Все это было сказано с той чарующей простотой, которая всегда производила на меня своё неотразимое влияние и которая не ускользала ни от кого, кто был восприимчив к подобного рода впечатлениям.
Прочитав проект телеграммы, который я привез с собой, Государь приказал мне отправить её тотчас же, желая, чтобы призыв его к чувству славянского братства и единения исходил из Москвы. Уезжая из Кремля, я размышлял о том, чему только что был свидетелем, и о тех последствиях, которые могло иметь важное решение, принятое Государем. Из впечатлений, уносимых мной из этого свидания с ним, резче всего выступало два факта, а именно: император Николай не связывал неразрывно представления о славе с успехом, как делает это большинство людей, и самолюбие не играло никакой роли в его решениях, когда сознание долга ему их подсказывало; и во мне росло и крепло к нему чувство любви и преданности.

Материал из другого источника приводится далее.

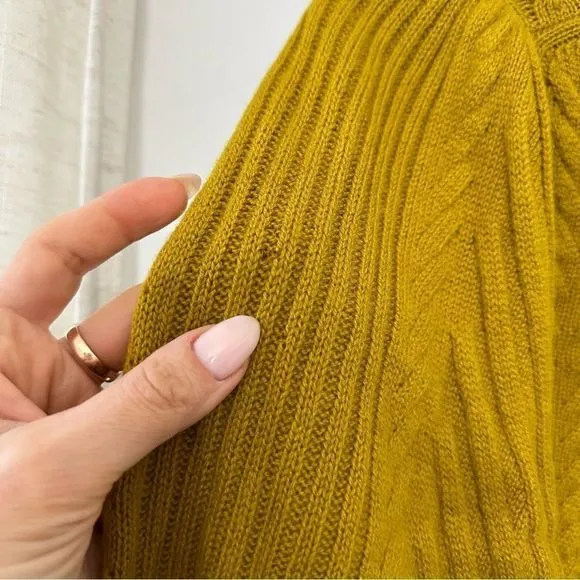 Ulla Johnson Puff Sleeve Sweater in Mustard Wool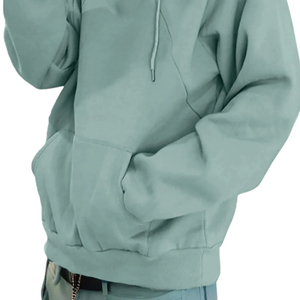 Sweats à capuche d'hiver personnalisés, 28 couleurs, 550 g/m², 100 % coton molletonné, poche surdimensionnée, streetwear décontracté pour hommes - Product Image 4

Из Белграда приходили известия, что там все более и более укреплялось убеждение, что враждебное отношение болгарского правительства к сербским требованиям о пересмотре статей договора, определяющих размежевание македонской территории между союзниками, в целях вознаграждения сербов за деятельную помощь при осаде Адрианополя, должно было неминуемо привести к столкновению, даже если бы и удалось при помощи России найти временный выход из создавшихся затруднений. Ко мне обращались официальные лица за советом относительно того, что делать Сербии ввиду осложнившихся обстоятельств, и не скрывали своего мнения, что ей выгоднее всего было бы, предупредив болгар, самой начать военные действия, так как в армии господствовала уверенность в успехе. Я отвечал, что не считаю себя вправе давать стратегические советы, но что с политической точки зрения, а также и с нравственной, которой тоже опасно было пренебрегать, такой почин причинил бы Сербии непоправимый ущерб, который не мог бы быть заглажен никакими военными успехами.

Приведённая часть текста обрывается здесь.